BMS201 - Control of the Internal Environment (10 credits)
Module Co-Ordinator: Dr M. Cambray-Deakin
This module aims to provide students with an increased knowledge and understanding of the principles of human cardiovascular, respiratory and renal cell biology and physiology, building on the foundations established in Level 1 modules.
The course content is divided into three main blocks covering: heart and circulation (7 lectures), respiratory system (6 lectures), and renal system (3 lectures). The cardiovascular system section deals first with the initiation and conduction of electrical activity evoked during the contraction of the heart and describes how this is generated by the changes in individual cardiac cell membrane potential. Pressure and volume changes in the heart and vasculature throughout the cardiac cycle are covered in detail, as is the microcirculation. Also included are a section regarding the control of the heart and circulation by intrinsic and extrinsic mechanisms, discussion of heart – vessel coupling. The respiration block covers the mechanics of ventilation, examining factors that affect the elastic recoil of the lungs and airway resistance. Ventilation – perfusion relationships are considered.
The generation of rhythmic respiration by the respiratory centres of the brain and its modification by mechanical and chemical reflexes are discussed. The renal lectures will examine three separate topics linked to cardiovascular and respiratory physiology: the glomerulus and its role in the formation of an ultrafiltrate; urine concentration; the roles of blood buffers, respiration and the renal system in acid – base homeostasis. A study of hypertension, to show how renal, respiratory, and cardiovascular systems are involved, concludes the module.
In line with the general degree course objectives, on completion of this module students should have enhanced their understanding of the areas of cardiovascular, respiratory and renal physiology and should be able to:
- describe the conduction of electrical activity through the heart and produce annotated diagrams demonstrating the cardiac and pacemaker action potentials.
- describe normal and some abnormal changes in blood pressure and flow that occur throughout the cardiovascular system during the cardiac cycle and relate them to the ECG and valve movements.
- list the intrinsic and extrinsic factors affecting cardiac output.
- explain how circulatory biophysics affect blood pressures and flow.
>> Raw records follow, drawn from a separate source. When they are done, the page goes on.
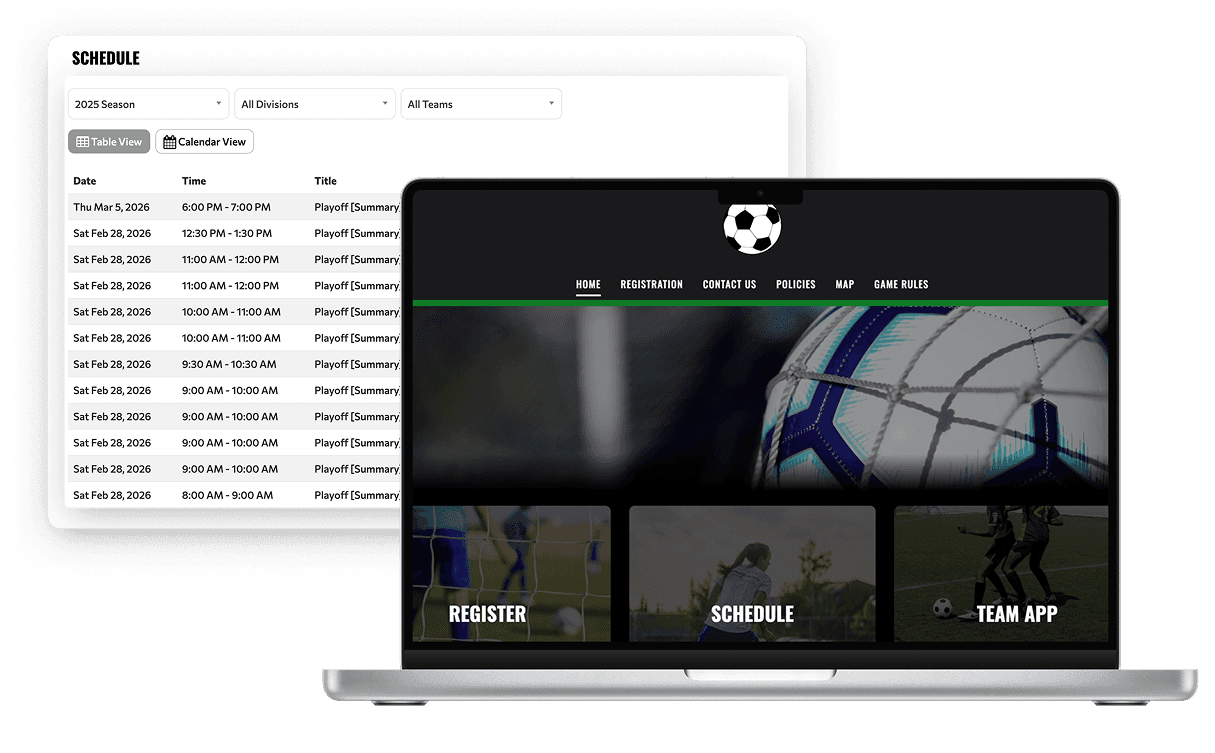 TeamLinkt soccer schedule generator showing a conflict-free season schedule and club website on desktop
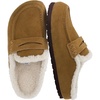 CUSHIONAIRE Casey Genuine Suede Moccasin Slippers for Women, Cozy House Shoes with Moc Toe and Penny Loafer Strap(Camel)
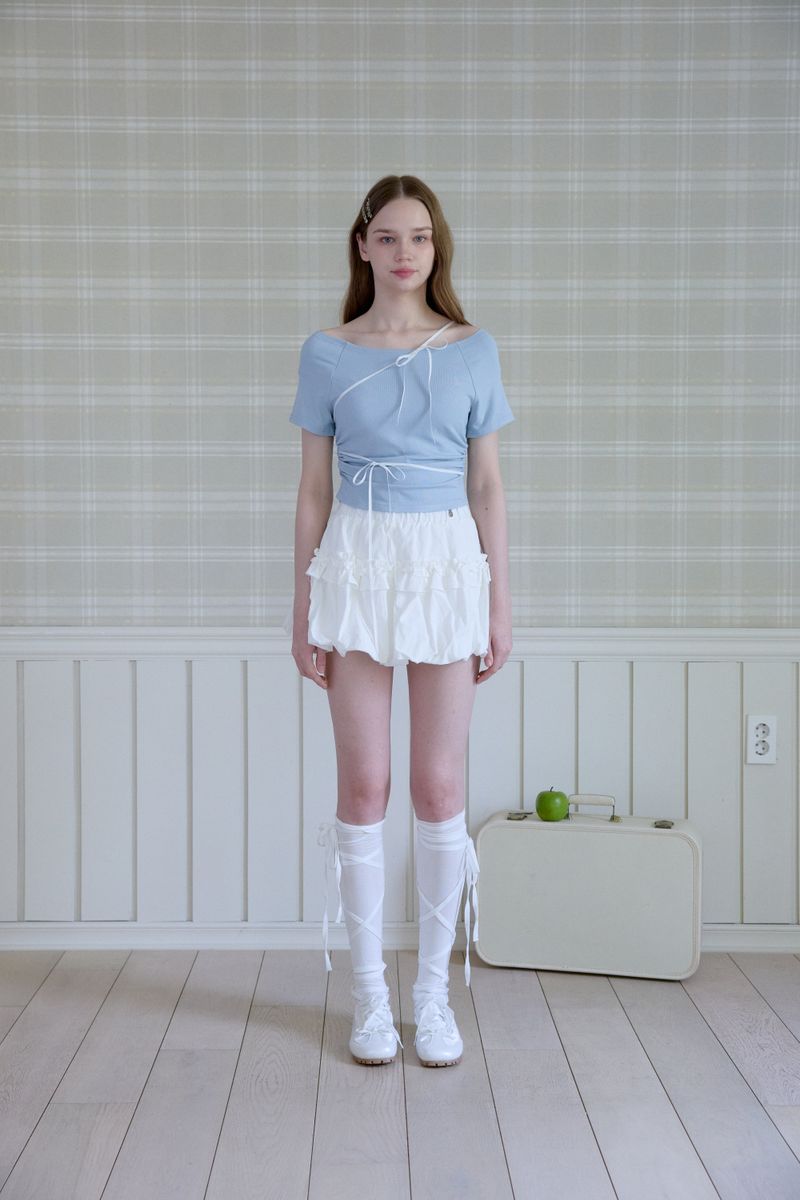 PINK PINEAPPLE（ピンクパイナップル）の「SWEET FRILL PUMPKIN MINI SKIRT（Skirts）」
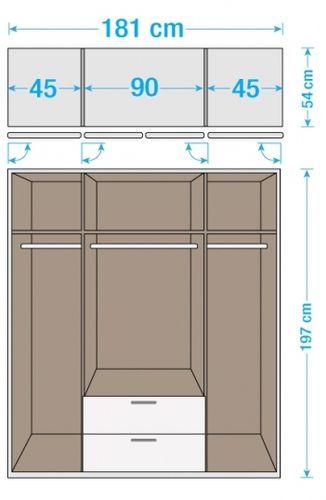 Armoire 4 portes 2 tiroirs Blanc et Noyer Kadra 3 - Photo n°2; ?>
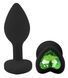 Силиконовая анальная пробка EGZO - Silicone Black Heart Plug Green, size S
- describe blood flow through capillaries, tissue fluid production and oedema.
- describe the control of the peripheral circulation by intrinsic and extrinsic factors.
- explain how central nervous system control is involved in governing the cardiovascular system.
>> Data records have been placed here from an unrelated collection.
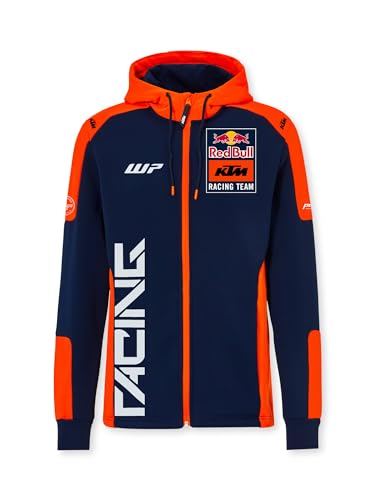 Red Bull - KTM Replica Team Zip Hoodie - Offizielles Merchandise, Dynamischer Renn-Print, Premium-Qualität - Herren - Größe L - Blau/Orange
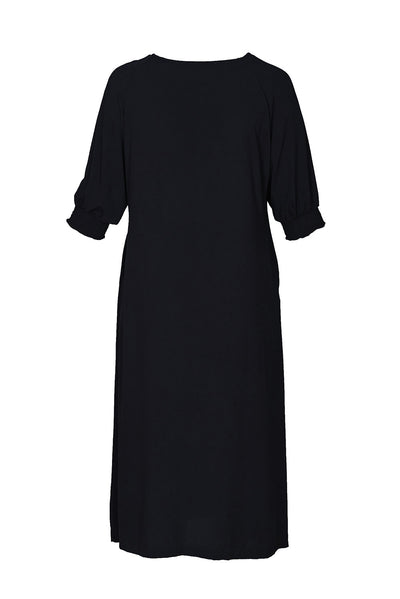 Rochie lunga marime mare din vascoza cu nasturi - negru
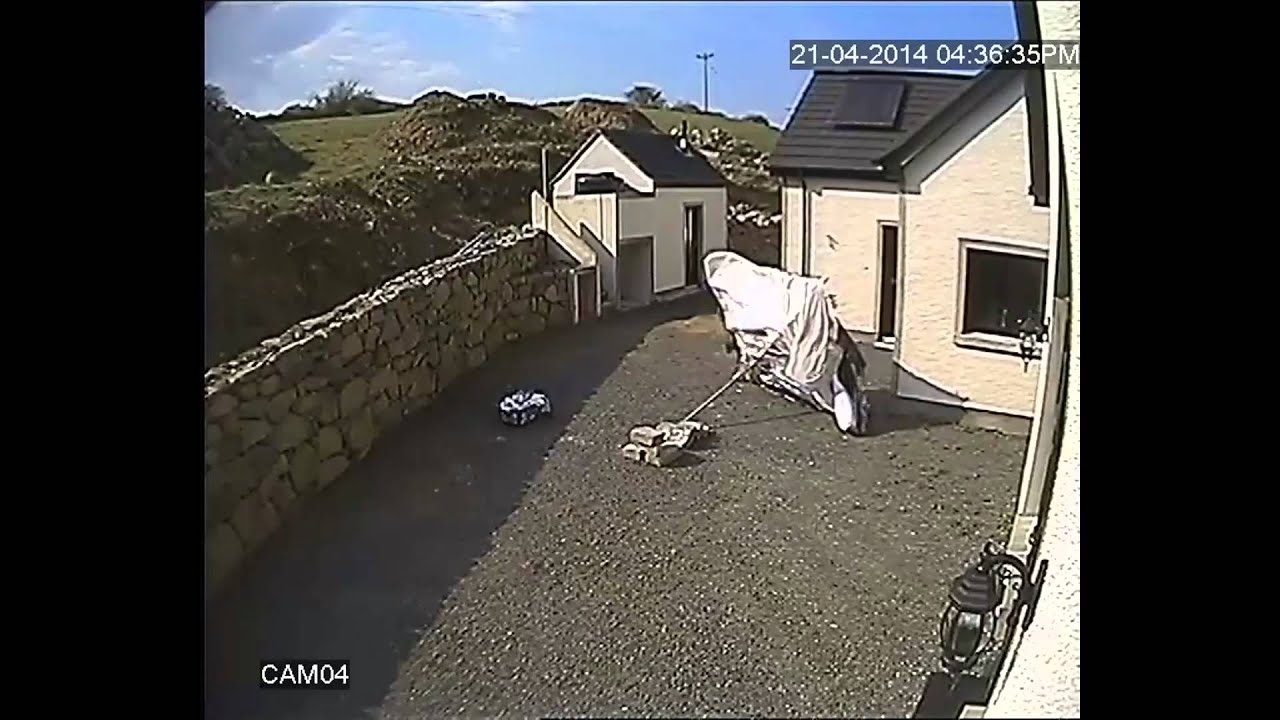 Man Blown To Ground While Holding Washing Line
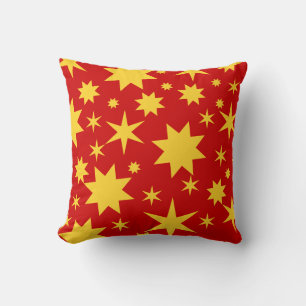 Shining red with golden stars cushion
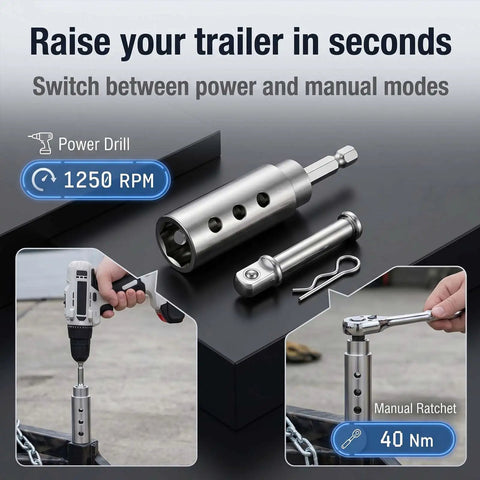 Heavy Duty Trailer Jack Drill Adapter Transform Your Power Drill Into Beast Mode Lifter stainless steel tool fitting a power drill.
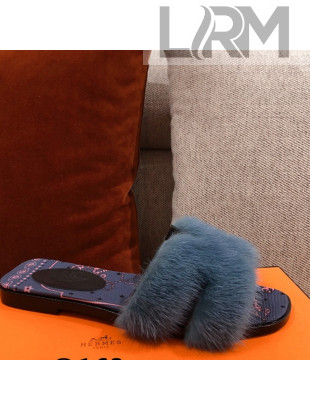 Hermes Oran Mink Fur Flat Slide Sandals Dark Blue 2021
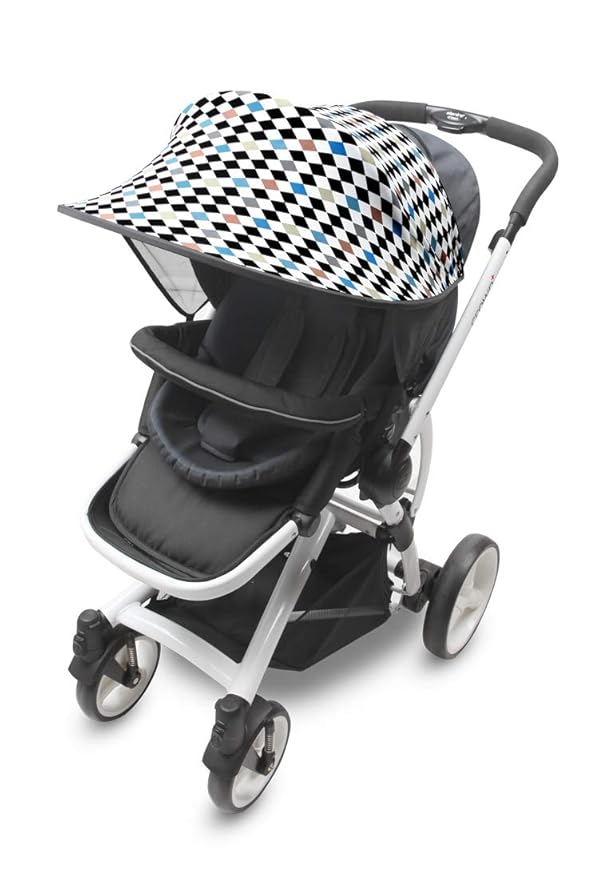 Manito Sun Shade for Strollers and Car Seats - Scandi (Diamond Blue) UPF 50+
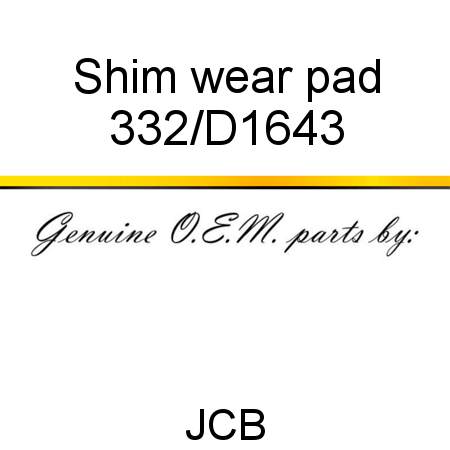 Shim, wear pad 332/D1643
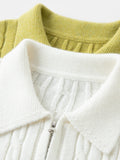 Soft Waxy Knitted Turn-Down Collar Zipper Cardigan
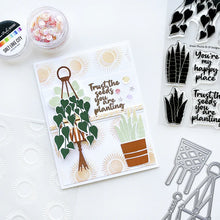 Load image into Gallery viewer, Catherine Pooler - Stamp &amp; Dies Set - Green Thumb. Create your card happy place with this Stamp Set and dies. House plants and pots are super fun to mix and match. Grab an array of shades of green and have fun experimenting with stamping. Available at Embellish Away located in Bowmanville Ontario Canada. Card example by brand ambassador.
- define compliance and explain what it measures.
- explain the significance and special properties of the fluid lining the lungs.
- define airway resistance and describe the mechanical and chemical factors that affect it.
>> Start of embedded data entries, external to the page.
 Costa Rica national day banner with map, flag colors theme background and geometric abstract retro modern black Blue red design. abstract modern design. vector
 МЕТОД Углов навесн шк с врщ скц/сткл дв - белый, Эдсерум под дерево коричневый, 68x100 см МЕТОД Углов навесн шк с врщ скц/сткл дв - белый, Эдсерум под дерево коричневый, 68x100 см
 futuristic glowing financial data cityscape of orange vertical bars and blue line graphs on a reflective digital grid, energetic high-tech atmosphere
- describe normal regional variations in blood flow and ventilation
- assess the significance of the ventilation – perfusion ratio.
- give an account of the regions of the brain responsible for a normal respiratory pattern.
- give an account of the mechanical reflexes that modify the respiratory rhythm.
- describe the locations of peripheral and central chemoreceptors and the factors that stimulate them.
- describe the forces that regulate the production of a glomerular ultrafiltrate.
- calculate the clearance of a substance.
- describe the transport processes involved in the production of a concentrated urine.
- explain how alterations in body acid – base balance modify the blood, respiratory and renal systems.
The module will be taught by traditional 50-minute lectures, with a modular tutorial at the end of the course. The module will be supplemented by a Figures book. Feedback is provided via self-assessment sample questions placed on the module Web page.
The module is assessed by a 90 minute combined examination with a multiple - choice, guessing-corrected section and a short-answer or essay section. The multiple choice section should last 60 minutes and will account for 2/3 rds of the final score. The essay/short answer section should last 30 minutes and contribute 1/3 rd to the assessment.